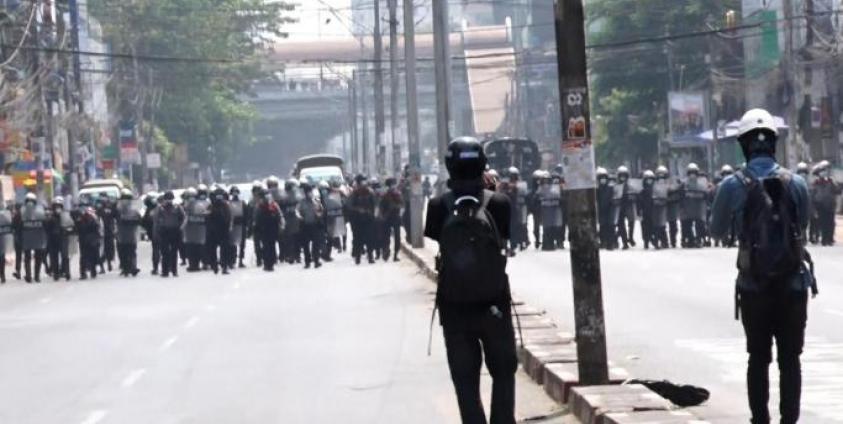 ရန်ကုန်မြို့ လှည်းတန်းတွင်၂၀၂၁ ခုနှစ်၊ ဖေဖော်ဝါရီလအတွင်းက မြင်ကွင်း 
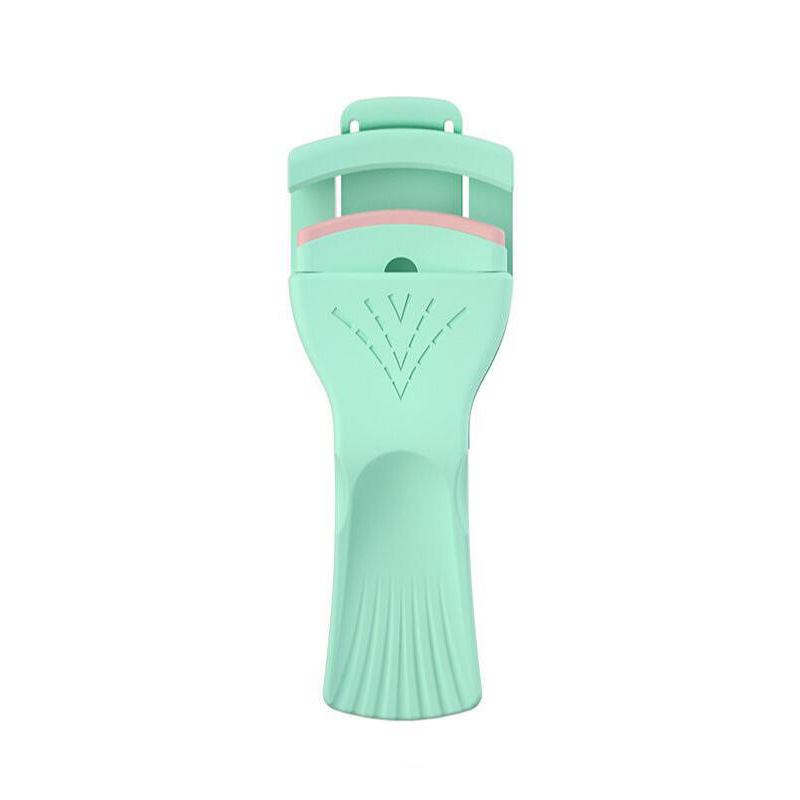 Portable eyelash curler, eyelash curling device, long-lasting curling without damaging eyelashes, mini eyelash curler for ladies Application Scenario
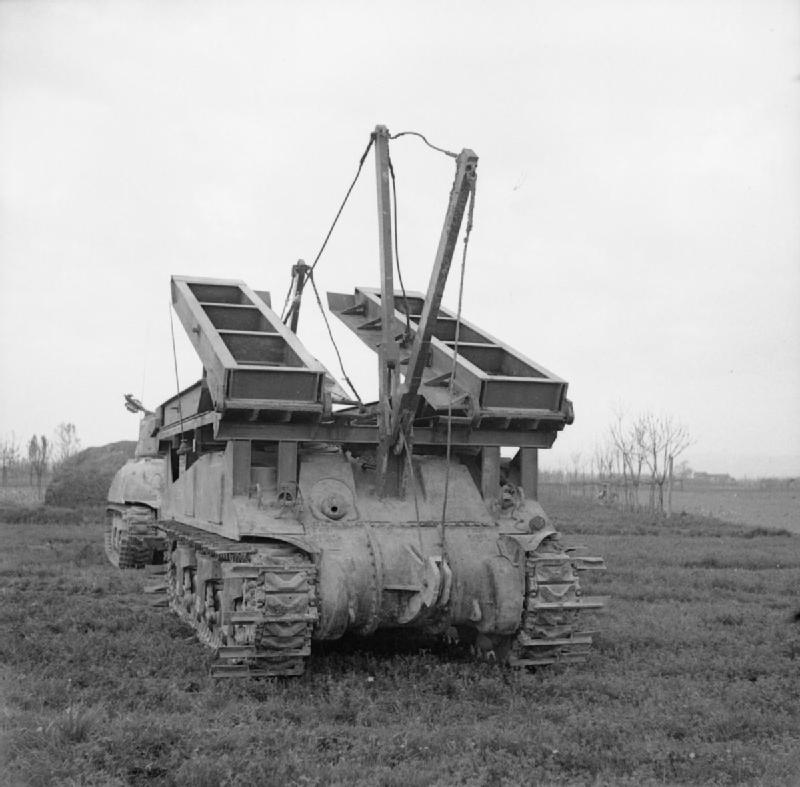 The_British_Army_in_Italy_1945_NA23760.jpg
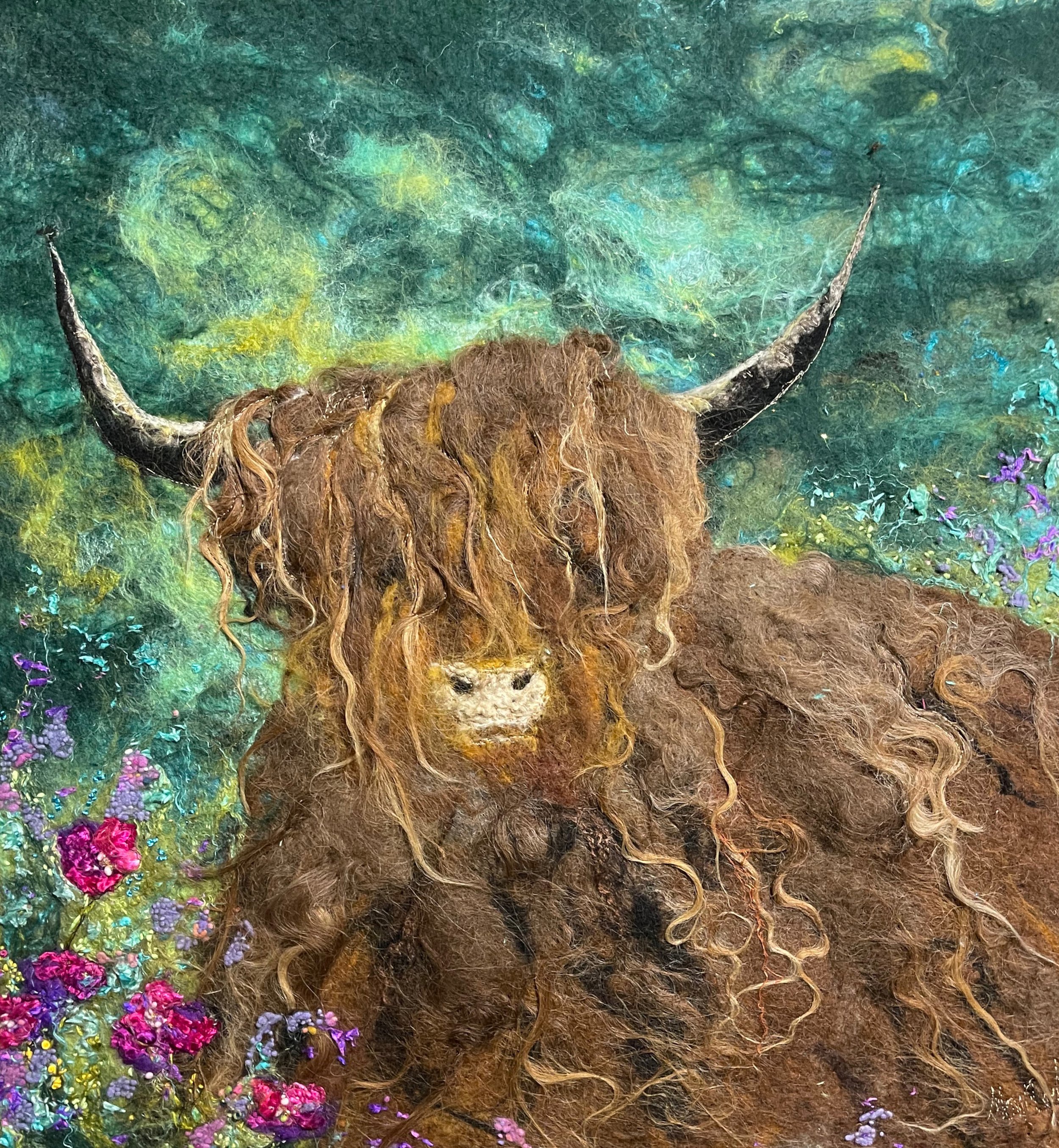 MM2205�HIGHLAND COW ON GREEN�66 X 60�85.5 X 79.5.jpg
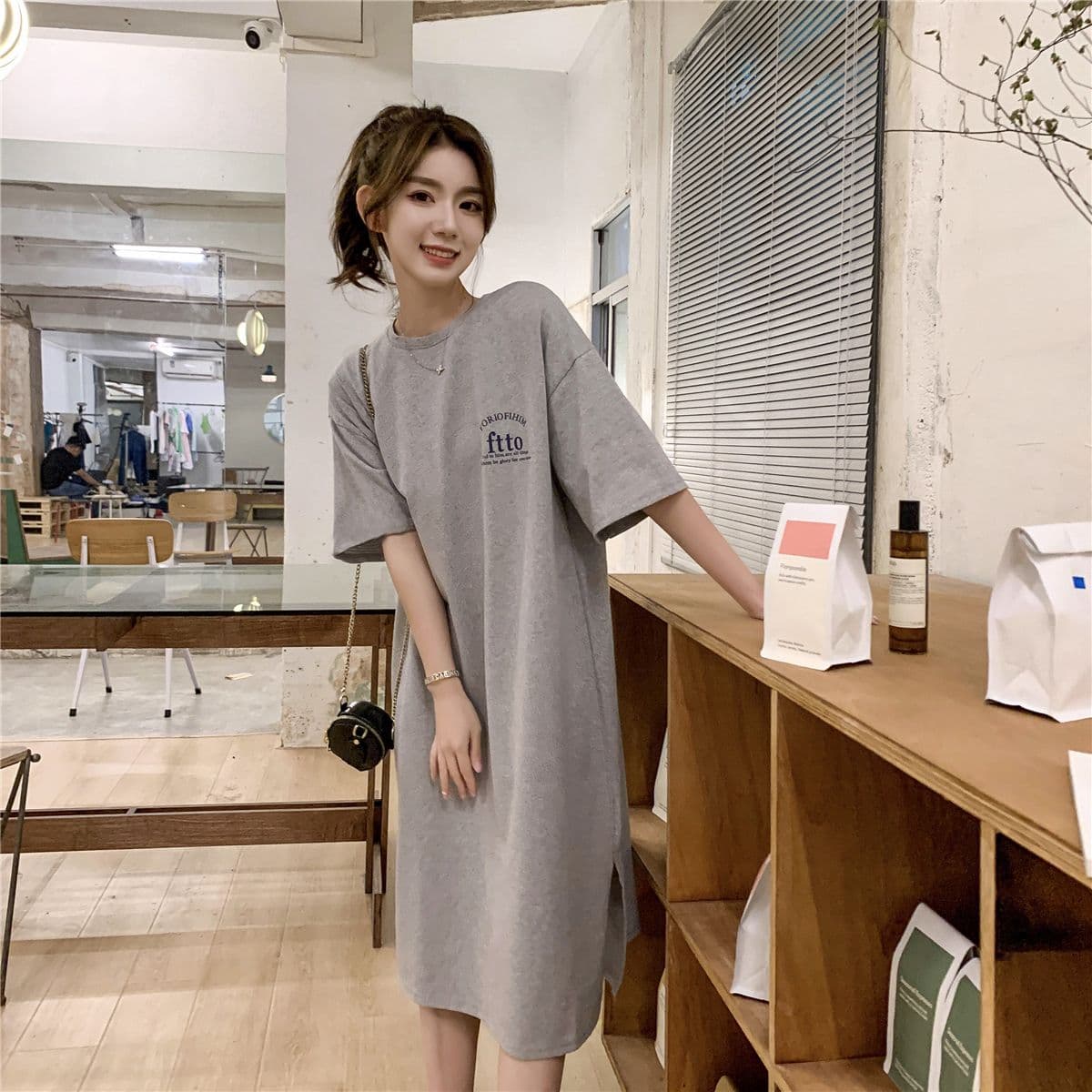 부주의 한 게으른 바람 롱 코트 롱 스커트 티셔츠 드레스 여름 한 스타일 새로운 여성 슬림해 보이는 트임 반팔 상세 이미지 4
☆ ☆ ☆ ☆
- [Your assignment]: Output the listing unchanged, pictures excluded.

- [Answer for the task]:
 ရန်ကုန်မြို့ လှည်းတန်းတွင်၂၀၂၁ ခုနှစ်၊ ဖေဖော်ဝါရီလအတွင်းက မြင်ကွင်း 
 Portable eyelash curler, eyelash curling device, long-lasting curling without damaging eyelashes, mini eyelash curler for ladies Application Scenario
 The_British_Army_in_Italy_1945_NA23760.jpg
 MM2205�HIGHLAND COW ON GREEN�66 X 60�85.5 X 79.5.jpg
 부주의 한 게으른 바람 롱 코트 롱 스커트 티셔츠 드레스 여름 한 스타일 새로운 여성 슬림해 보이는 트임 반팔 상세 이미지 4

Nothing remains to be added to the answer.